The world has largely viewed the US more favourably than China for years, but those opinions have flipped in Beijing’s favour this year, according to a new poll from the Pew Research Center, a remarkable shift driven in part by tensions between the Trump administration and US allies.
More people have favourable views of China than the US in 25 out of the 36 countries and territories that were surveyed, including Canada and Mexico. The poll was conducted from February to May, a period when the United States and Israel were engaged in a war against Iran.
In only six countries – Poland, the Philippines, South Korea, India, Japan and Israel – do people still see the US more positively than China, according to the findings released Wednesday.
Views in 22 out of the 36 countries and territories also are more favourable of Chinese leader Xi Jinping than US president Donald Trump, including in Canada, Mexico and major European powers including France, Germany and the UK. However, people in many of the countries have low confidence in both men.
It marks the first time in the roughly 20 years Pew has been tracking global opinions that China has been viewed more positively than the US, said Laura Silver, associate director of Pew’s Global Attitudes Research and one of the researchers on the study. Views of Beijing and Washington have been very similar at some points in the past but have not been significantly more favourable for China until now, she said.
The shift follows the Covid-19 pandemic becoming a distant issue and as global views of the US have soured, Silver said.
“There was just an actual relationship between the outbreak of the war and the sense that the US is just not contributing to peace and stability and that people have less confidence in Donald Trump,” she said.
Trump’s demands to control Greenland, the American military raid that captured Venezuela’s then-leader Nicolás Maduro, and the US handling of the Israeli-Hamas war in Gaza also have led to low approval in many countries, Silver said.
Aside from benefiting from the fading memory of the pandemic, China appears to have gained from comparison with the US, Silver said.
“By comparison, we know that China is seen to be a more reliable partner in many places. It’s more likely to be seen to contribute to global peace and stability,” the researcher said.
The Chinese embassy in Washington said the latest poll “demonstrates that China’s governance achievements and development progress are widely recognised.” The White House did not immediately respond to a request for comment.
Notably, those in some US allied countries have drastically shifted their views in recent years, such as Canada. In the new survey, only 33% of Canadians have positive views of the US, down from 57% in 2023. Over the same period, their favourable opinions of China rose from 14% to 44%.

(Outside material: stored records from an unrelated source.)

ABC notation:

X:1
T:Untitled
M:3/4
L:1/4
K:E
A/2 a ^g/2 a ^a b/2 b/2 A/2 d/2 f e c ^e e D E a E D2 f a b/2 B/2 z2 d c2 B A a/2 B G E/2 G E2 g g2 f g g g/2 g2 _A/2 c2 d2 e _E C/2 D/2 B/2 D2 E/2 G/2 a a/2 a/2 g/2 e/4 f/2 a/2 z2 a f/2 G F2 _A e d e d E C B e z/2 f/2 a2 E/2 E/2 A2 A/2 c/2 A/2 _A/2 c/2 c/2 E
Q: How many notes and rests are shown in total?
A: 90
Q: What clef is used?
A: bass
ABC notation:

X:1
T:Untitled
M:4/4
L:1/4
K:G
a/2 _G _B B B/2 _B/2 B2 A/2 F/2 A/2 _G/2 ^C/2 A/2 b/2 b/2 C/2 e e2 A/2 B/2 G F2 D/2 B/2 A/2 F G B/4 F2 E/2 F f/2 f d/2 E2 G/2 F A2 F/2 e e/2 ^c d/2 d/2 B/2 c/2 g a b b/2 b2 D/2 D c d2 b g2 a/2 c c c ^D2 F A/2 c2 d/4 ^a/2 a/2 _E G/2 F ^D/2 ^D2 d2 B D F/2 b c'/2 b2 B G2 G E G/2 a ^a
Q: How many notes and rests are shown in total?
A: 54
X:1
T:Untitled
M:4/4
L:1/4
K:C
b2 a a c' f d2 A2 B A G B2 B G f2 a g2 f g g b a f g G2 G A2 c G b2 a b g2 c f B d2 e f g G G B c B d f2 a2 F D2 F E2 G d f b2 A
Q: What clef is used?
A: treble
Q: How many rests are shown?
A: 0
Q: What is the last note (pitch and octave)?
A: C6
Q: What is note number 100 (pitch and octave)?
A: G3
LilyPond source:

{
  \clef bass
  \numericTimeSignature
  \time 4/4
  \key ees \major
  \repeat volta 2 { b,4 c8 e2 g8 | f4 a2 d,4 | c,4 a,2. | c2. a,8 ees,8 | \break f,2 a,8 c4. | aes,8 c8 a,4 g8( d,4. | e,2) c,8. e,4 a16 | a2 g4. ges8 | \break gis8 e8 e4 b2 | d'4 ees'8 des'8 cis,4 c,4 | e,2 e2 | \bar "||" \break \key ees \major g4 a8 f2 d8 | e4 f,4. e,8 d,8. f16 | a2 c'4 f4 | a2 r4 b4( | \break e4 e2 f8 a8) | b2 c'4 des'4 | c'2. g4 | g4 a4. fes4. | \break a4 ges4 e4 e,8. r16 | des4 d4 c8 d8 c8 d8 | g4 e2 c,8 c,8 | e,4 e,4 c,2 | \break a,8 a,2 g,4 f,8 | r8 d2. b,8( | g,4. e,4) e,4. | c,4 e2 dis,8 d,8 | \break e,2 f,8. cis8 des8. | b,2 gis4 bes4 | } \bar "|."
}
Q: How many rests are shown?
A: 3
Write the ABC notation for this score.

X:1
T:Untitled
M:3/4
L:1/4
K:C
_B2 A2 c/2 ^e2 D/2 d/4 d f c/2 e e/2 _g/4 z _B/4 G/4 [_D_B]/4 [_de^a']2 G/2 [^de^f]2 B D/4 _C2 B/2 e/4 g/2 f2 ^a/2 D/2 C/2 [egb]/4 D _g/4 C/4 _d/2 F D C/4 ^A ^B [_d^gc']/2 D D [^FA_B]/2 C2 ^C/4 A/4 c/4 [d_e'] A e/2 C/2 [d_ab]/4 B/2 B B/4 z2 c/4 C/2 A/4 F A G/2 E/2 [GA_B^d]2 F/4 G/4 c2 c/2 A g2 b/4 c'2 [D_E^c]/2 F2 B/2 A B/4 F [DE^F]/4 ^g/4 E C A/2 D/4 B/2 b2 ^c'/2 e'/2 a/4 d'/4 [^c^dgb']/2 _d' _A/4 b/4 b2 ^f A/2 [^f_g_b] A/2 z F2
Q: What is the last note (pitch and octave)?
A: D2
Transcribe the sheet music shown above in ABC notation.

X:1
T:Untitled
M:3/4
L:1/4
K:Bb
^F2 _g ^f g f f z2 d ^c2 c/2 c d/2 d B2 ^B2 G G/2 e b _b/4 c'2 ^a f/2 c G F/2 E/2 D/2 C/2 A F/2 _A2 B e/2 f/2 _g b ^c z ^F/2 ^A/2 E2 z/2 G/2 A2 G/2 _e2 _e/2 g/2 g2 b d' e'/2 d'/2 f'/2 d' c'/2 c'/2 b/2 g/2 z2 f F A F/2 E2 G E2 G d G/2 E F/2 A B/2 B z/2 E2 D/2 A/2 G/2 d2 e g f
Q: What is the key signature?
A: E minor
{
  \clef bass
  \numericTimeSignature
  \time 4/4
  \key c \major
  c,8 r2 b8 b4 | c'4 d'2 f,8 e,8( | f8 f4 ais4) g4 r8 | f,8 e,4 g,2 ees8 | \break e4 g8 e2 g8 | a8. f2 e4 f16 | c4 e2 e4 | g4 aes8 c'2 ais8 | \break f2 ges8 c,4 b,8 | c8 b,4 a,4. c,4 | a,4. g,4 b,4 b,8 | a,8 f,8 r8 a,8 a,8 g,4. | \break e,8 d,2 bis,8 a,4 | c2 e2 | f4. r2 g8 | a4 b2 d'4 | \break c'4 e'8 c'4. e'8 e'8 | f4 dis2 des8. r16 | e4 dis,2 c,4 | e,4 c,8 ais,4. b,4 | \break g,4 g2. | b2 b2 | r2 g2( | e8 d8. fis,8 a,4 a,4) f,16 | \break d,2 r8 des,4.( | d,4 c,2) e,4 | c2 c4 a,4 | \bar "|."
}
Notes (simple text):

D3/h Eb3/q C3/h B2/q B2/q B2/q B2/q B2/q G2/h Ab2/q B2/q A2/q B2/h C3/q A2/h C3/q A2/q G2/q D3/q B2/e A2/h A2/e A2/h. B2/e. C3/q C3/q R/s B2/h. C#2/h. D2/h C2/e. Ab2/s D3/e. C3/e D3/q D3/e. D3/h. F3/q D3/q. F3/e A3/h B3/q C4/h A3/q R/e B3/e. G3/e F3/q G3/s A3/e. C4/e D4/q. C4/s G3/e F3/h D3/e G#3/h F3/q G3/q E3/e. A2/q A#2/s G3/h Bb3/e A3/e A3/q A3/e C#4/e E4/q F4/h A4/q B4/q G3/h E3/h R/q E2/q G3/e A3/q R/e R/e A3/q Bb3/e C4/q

Trump slapped a barrage of tariffs on Canadian goods last year, and even claimed that Canada could be the “the 51st state.”
Major European countries – including France, Germany, Spain, Italy, Sweden, the Netherlands and Italy – all have switched their opinions on the world’s two largest economies.
People in the US, where about 6 in 10 held positive views of the US in 2023, now view China and the US similarly. Three years ago, the spread was 32 percentage points in Washington’s favour.
The US is still ahead of China when it comes to government respect for personal freedoms, though the gap is shrinking, the Pew report says.
For the new study, Pew surveyed more than 42,000 people across 35 countries plus the West Bank and East Jerusalem, with margins of error ranging from 2.3 to 5.5 percentage points depending on the country.